Walter Ong, the scholar who authored the seminal text Orality and Literacy, suggested that the ephemerality of oral speech demanded what he called agonism: a formally exaggerated, aggressive style of speech meant to keep statements in a listener’s mind in the absence of writing as a tool of memory. Though the densely literate Twitter is clearly not oral as such, it shares some characteristics. Tweets disappear quickly, for example, and the cacophony of its networked form demands that statements stand out in a similarly performative way.
At the same time, it needs a sympathetic audience. Very few people who use the gently mocking, over-the-top language of Twitter’s social justice community actually mean to imply that all humans with pinkish skin are awful. What they mean to do is challenge a dominant, biased narrative with the forcefulness, wit, and will needed to galvanize other people. If you don’t believe we live in a patriarchal or racist world, or that identity can be contested at all, Twitter’s jests seem unnecessarily contentious. If you do, they are necessary tactics, for both politics and community, but simple survival, too.
When it came to Rachel Dolezal, some right-leaning users took to Twitter to mock the language of self-determination used by trans* peoples. (Some also came simply to mock.) Follow the reaction to any disputed statement on a site like Twitchy (a conservative aggregator of “controversial” tweets and responses)—such as a journalist suggesting the next Twitter CEO not be a white male, or Vox making the argument that “you guys” may be sexist—and the division in how we understand language and context becomes clear. To the left, prejudice is a function of structure and history; to the right, it’s an aberration of a fundamentally fair system that minorities and women fail to sufficiently appreciate, and whose norms they refuse live up to. What doesn't change is the structure of Twitter, which doesn't debase or simplify argumentation but turns the platform into an argument about context itself.
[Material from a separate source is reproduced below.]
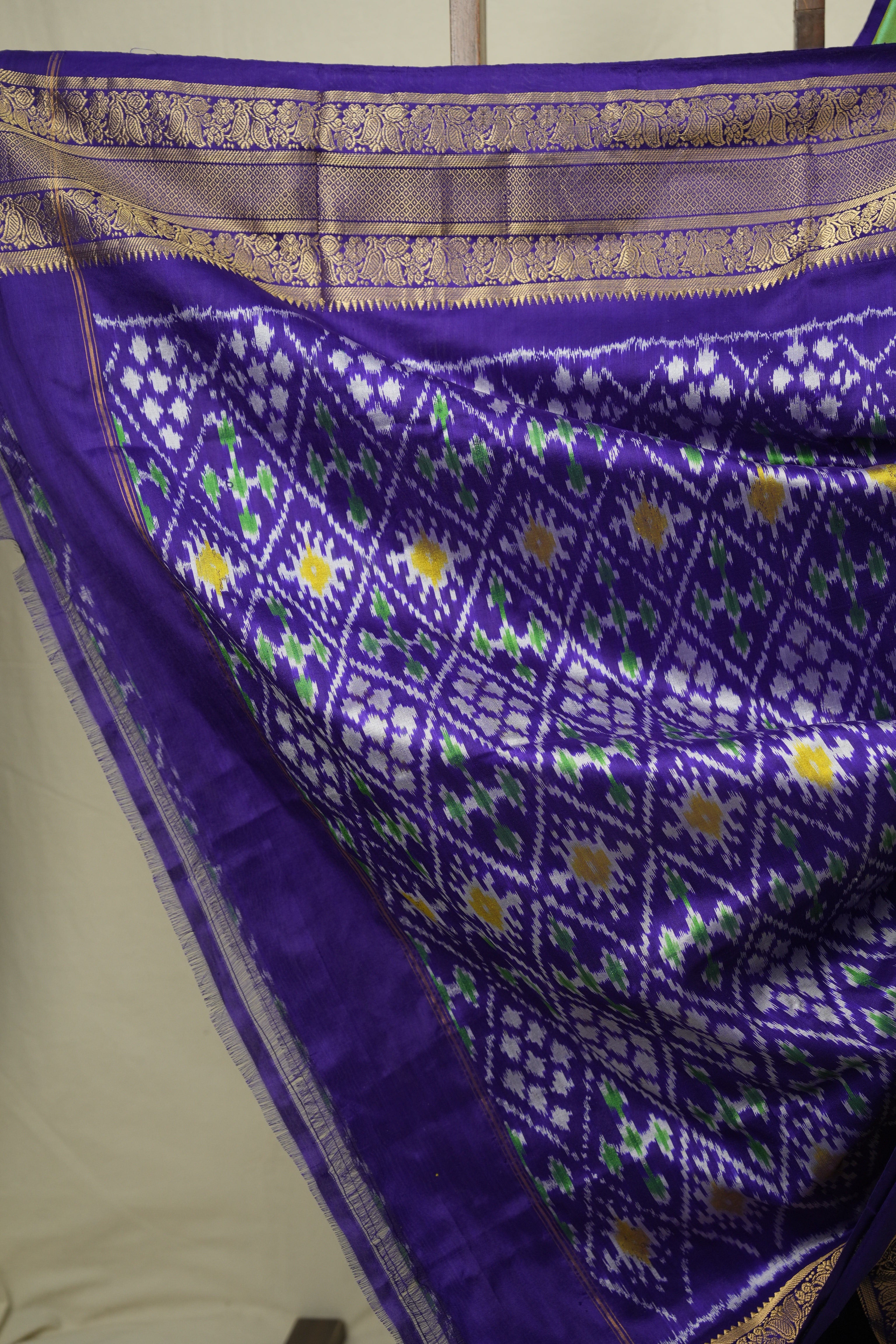 Two Tone Teal Pochampalli Silk Ikat Saree - SRTPSIS317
Recently, Twitter introduced a change to how retweets work. Instead of simply adding someone else's tweet to one’s own feed, Twitter now allows you to quote it and add your own commentary above. It’s a small change—perhaps a reaction to the new oral-like culture of a platform that asks its users to fill in the background a single tweet cannot provide. Yet, in the loud response to Rachel Dolezal, that lack of context has itself proven to be a boon. It is that, after all, that elicited the diversity of the reaction—where, yes, even a phrase like “LOL white people” helped push a conversation about identity into the public sphere where, otherwise, there would have only been blank space.